Maternal risks due to multiple gestation include premature labor, premature delivery, pregnancy-induced high blood pressure or pre-eclampsia (toxemia), diabetes, and vaginal/uterine hemorrhage.

Multi-fetal pregnancy reduction is a technique performed in less than 1 % of infertility patients. This technique that reduces the number of fetuses in an effort to increase the likelihood that the pregnancy will continue. Consequently, the risks to the mother and remaining fetuses are reduced. This procedure is more likely to be performed when there are four or more fetuses present. The number of fetuses is often reduced to two, although in some circumstances they may be reduced to one. Because triplets and twins generally do better than higher-order multiples, reduction in these cases is rarely recommended, although it may be considered under special circumstances.

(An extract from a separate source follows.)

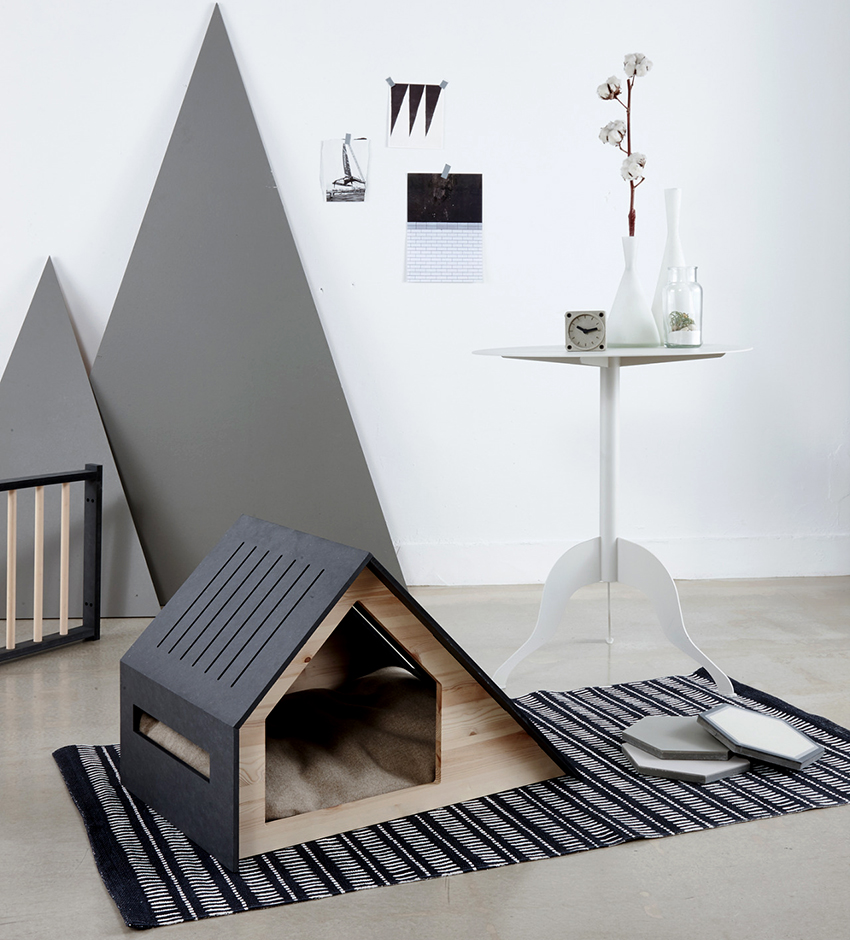 Gustung-gusto ng mga pusa ang mga liblib at maginhawang lugar kung saan makakatulog ka. Gustung-gusto ng mga pusa ang mga liblib at maginhawang lugar kung saan makakatulog ka.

Multi-fetal pregnancy reduction is usually performed between 9 and 12 weeks gestation.

Dealing with the decision of whether or not to undergo multi-fetal pregnancy reduction can be a traumatic experience. Couples who have invested a great deal of time, money, and energy in pursuing pregnancy are often unprepared to make this decision. It is usually helpful for couples considering multi-fetal reduction to undergo professional counseling prior to undergoing the procedure with a highly skilled perinatalogist.